Exercise aim
Look through the entries below and copy exactly the part that begins with the line containing "[ Thumbnail: Elegant" and ends with the line containing "World no tobacco". Do not copy the pictures.

Records for processing
☆ ☆ ☆ ☆
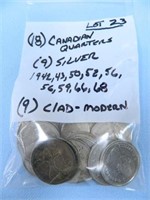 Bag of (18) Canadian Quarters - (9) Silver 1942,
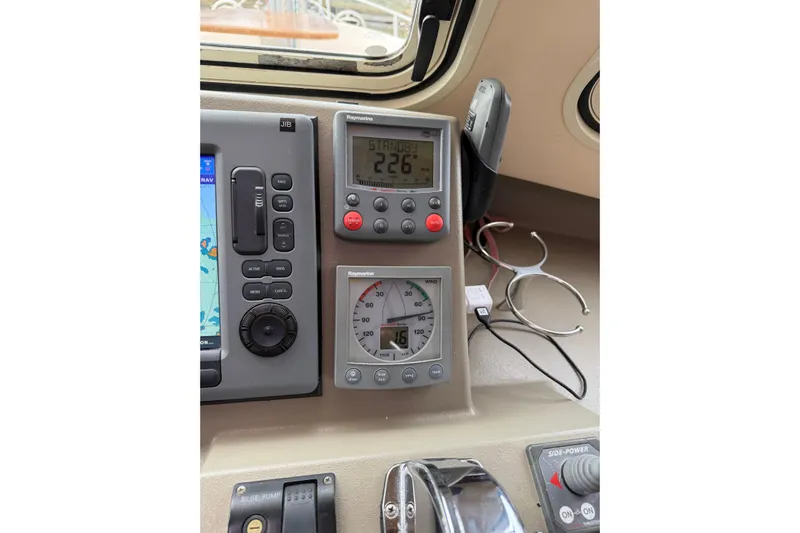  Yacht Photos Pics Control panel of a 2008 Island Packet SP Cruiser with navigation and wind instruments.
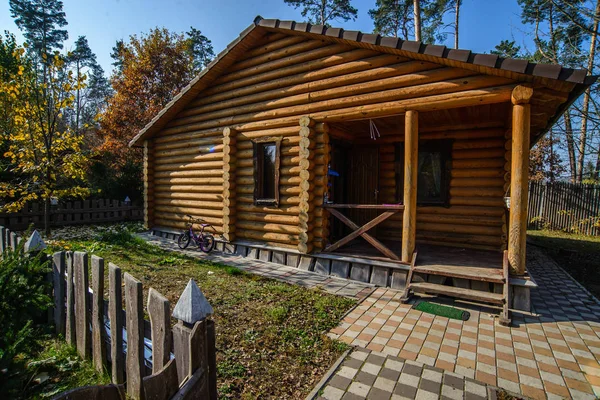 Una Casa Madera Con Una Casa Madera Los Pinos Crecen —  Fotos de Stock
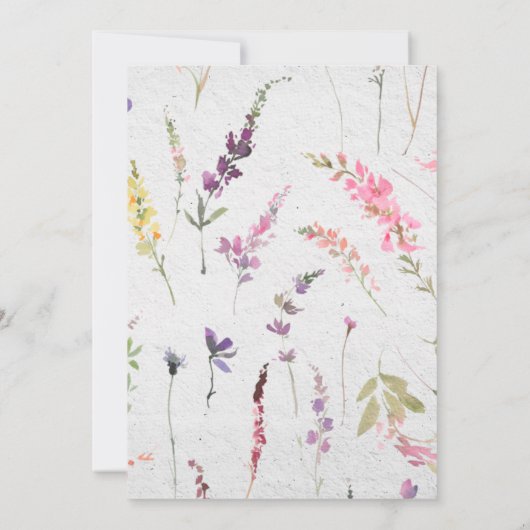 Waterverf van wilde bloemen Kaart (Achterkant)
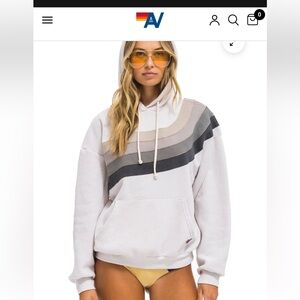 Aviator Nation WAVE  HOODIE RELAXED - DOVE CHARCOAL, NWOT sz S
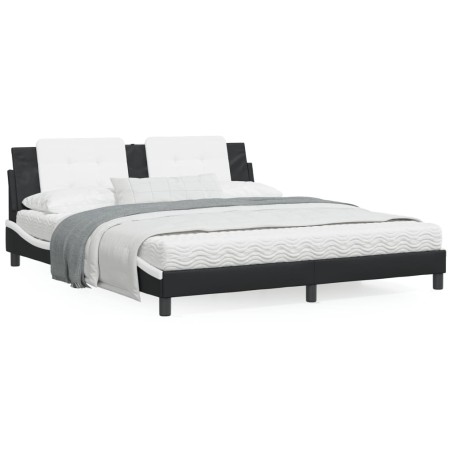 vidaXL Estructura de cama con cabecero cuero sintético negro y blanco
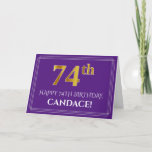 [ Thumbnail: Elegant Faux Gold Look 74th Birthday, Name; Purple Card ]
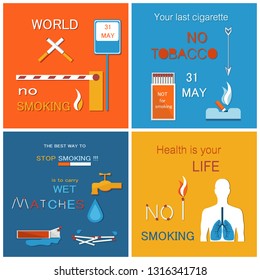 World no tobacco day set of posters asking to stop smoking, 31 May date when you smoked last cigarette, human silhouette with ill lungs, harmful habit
☆ ☆ ☆ ☆
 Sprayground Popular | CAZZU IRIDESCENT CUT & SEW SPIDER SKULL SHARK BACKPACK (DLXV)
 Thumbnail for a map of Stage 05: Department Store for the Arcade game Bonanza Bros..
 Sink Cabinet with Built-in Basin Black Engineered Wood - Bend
☆ ☆ ☆ ☆
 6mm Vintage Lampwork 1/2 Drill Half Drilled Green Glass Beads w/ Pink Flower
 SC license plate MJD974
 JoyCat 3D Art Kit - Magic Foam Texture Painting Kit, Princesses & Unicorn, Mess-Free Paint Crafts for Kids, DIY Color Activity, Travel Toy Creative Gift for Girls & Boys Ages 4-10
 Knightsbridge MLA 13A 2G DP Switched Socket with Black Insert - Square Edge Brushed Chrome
☆ ☆ ☆ ☆
Solution below
 [ Thumbnail: Elegant Faux Gold Look 74th Birthday, Name; Purple Card ]
 World no tobacco day set of posters asking to stop smoking, 31 May date when you smoked last cigarette, human silhouette with ill lungs, harmful habit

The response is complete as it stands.